Durch Seyler erhielt der Gothaer Hofkapellmeister Georg Anton (Jirí Antonín) Benda den Impuls für die Komposition von Melodramen. Seyler hatte schon in Weimar versucht, mit dem Melodram Ariadne auf Naxos ein neues deutsches Gegenstück zu Rousseau auf die Bühne zu bringen, was aber daran scheiterte, dass sein Theaterkomponist Anton Schweitzer die Vertonung des Textes von Johann Christian Brandes nicht fertig brachte. Erst als Seyler den Text an Benda weitergab, gelang es diesem, mit seiner Vertonung von Ariadne auf Naxos aus der melodramatischen Technik eine eigenständige musikdramatische Gattung zu entwickeln. Nach dem großen Erfolg der Ariadne auf Naxos, uraufgeführt in Gotha am 27. Januar 1775, schob Benda unmittelbar ein weiteres Melodram nach: Medea nach einem eigens dafür geschriebenen Text von Friedrich Wilhelm Gotter, dem Gothaischen Hofarchivar und „Herzoglich Gothaischen Geheimsekretär“. Beide Melodramen Bendas rücken eine weibliche Hauptfigur in den Mittelpunkt und sind als Virtuosenstücke für die jeweilige Darstellerin angelegt; der Einfluss großer Schauspielerinnen (Charlotte Brandes bei Ariadne auf Naxos, Friederike Sophie Seyler bei Medea) auf die Werkkonzeption lässt sich belegen.

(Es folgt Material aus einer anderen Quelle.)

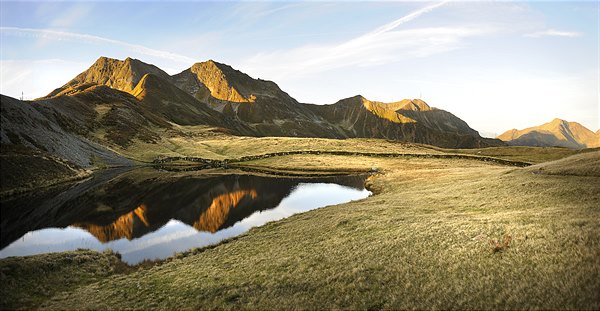 Wandern, goldener Herbst im Glemmtal, Urlaub in den Bergen, Saalbach wandern
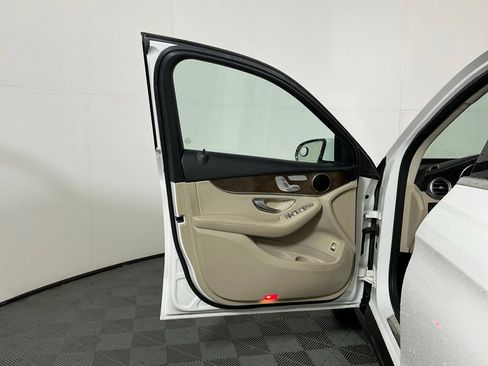 Used 2017 Mercedes-Benz GLC 300 image 19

Medea wurde von der Seylerschen Schauspiel-Gesellschaft am 1. Mai 1775 in Leipzig (während der Messe) uraufgeführt; daran schloss sich eine Aufführungsserie in Gotha im Juni und Juli 1775 an. Mit Ariadne auf Naxos und Medea schuf Benda das historisch folgenreiche Modell der neuen Gattung des Bühnenmelodrams. Im deutschsprachigen Raum wurden nach 1775 zahlreiche Werke nach dem Muster der beiden Werke Bendas geschaffen, ohne jedoch den Erfolg der beiden Pionierwerke zu erreichen. Ariadne auf Naxos und Medea waren die großen Erfolgsstücke des deutschen Theaters im späten 18. Jahrhundert: Sie wurden in den folgenden Jahrzehnten auf nahezu allen deutschsprachigen Bühnen aufgeführt und gelangten darüber hinaus auch in den skandinavischen, mittel- und osteuropäischen Raum.